> **REQUIREMENT**
Pictures excluded, output exactly the lines from the one containing "AB Tools 18" through the last line of the listing below.

> **SUPPLIED DATA**
-- Opening Marker --

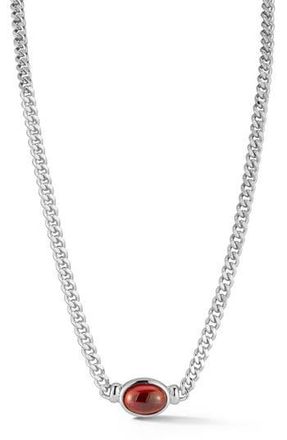 Glaze Jewelry Cubic Zirconia Curb Chain Necklace in Silver at Nordstrom Rack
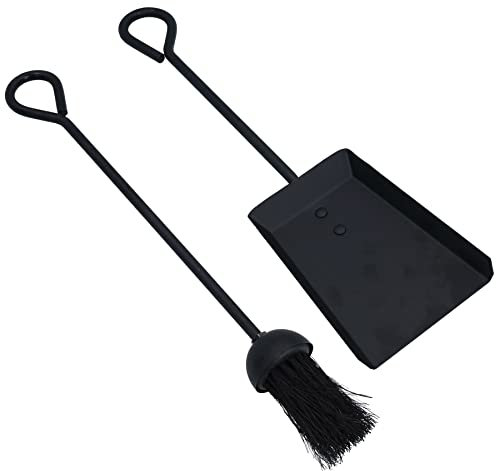 AB Tools 18 Loop Brush & Shovel Shovel Fire Coal Wood Log Burner Steel Metal 450mm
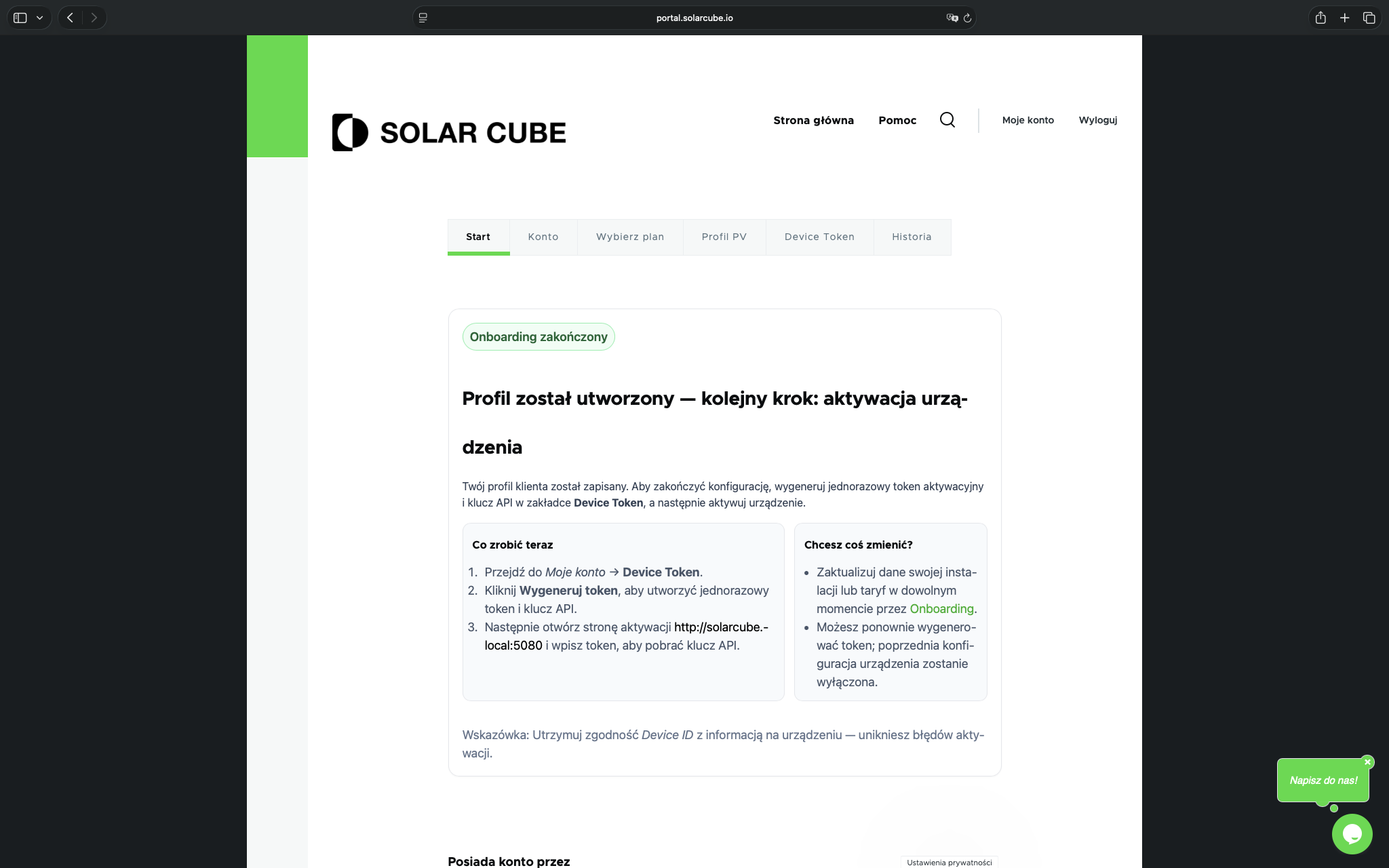Screenshot 14 — onboarding completion and next steps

-- Closing Marker --

> **YOUR SOLUTION**
 AB Tools 18 Loop Brush & Shovel Shovel Fire Coal Wood Log Burner Steel Metal 450mm
Screenshot 14 — onboarding completion and next steps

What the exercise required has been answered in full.